3.3 Normalization: why amplitudes cannot be arbitrary
A quantum state must be normalized. For a single qubit,
\[ |\psi\rangle = \alpha |0\rangle + \beta |1\rangle \]
is a valid quantum state only if
\[ |\alpha|^2 + |\beta|^2 = 1. \]
Here \(|\alpha|\) means the magnitude of the complex number \(\alpha\), and \(|\alpha|^2\) means its squared magnitude. The rule that probabilities come from squared magnitudes of amplitudes is the standard Born rule in quantum mechanics and quantum computation (Nielsen and Chuang, 2010).

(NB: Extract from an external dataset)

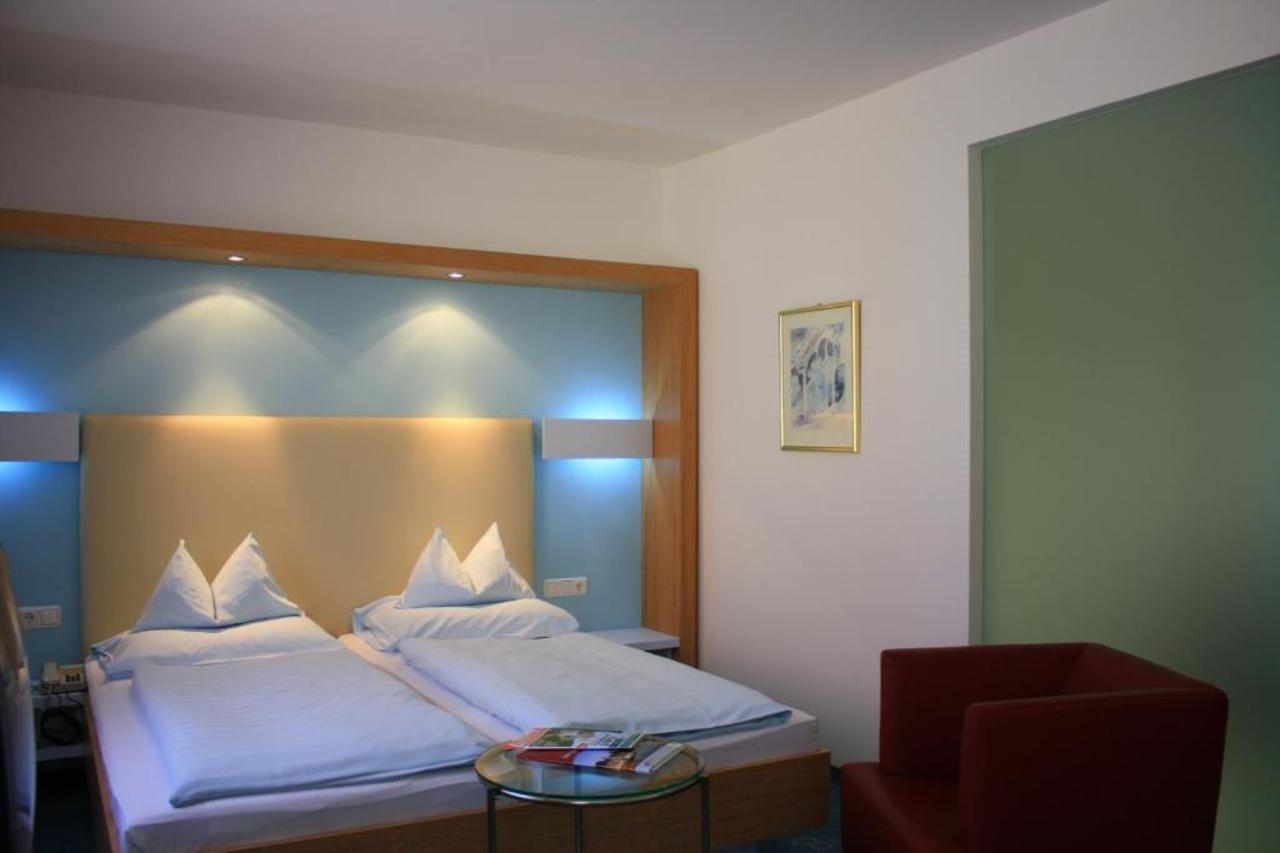 Dom Hotel Linz Ngoại thất bức ảnh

Why must the squared magnitudes add to \(1\)? Because they will become probabilities, and the total probability of all possible measurement outcomes must be \(1\).
For example,
\[ |\psi\rangle = \frac{1}{\sqrt{2}}|0\rangle + \frac{1}{\sqrt{2}}|1\rangle \]
is normalized because
\[ \left|\frac{1}{\sqrt{2}}\right|^2 + \left|\frac{1}{\sqrt{2}}\right|^2 = \frac{1}{2} + \frac{1}{2} = 1. \]
But
\[ |v\rangle = |0\rangle + |1\rangle \]
is not normalized, because
\[ |1|^2 + |1|^2 = 2. \]
The vector \(|0\rangle + |1\rangle\) points in the same direction as the normalized state
\[ \frac{1}{\sqrt{2}}|0\rangle + \frac{1}{\sqrt{2}}|1\rangle, \]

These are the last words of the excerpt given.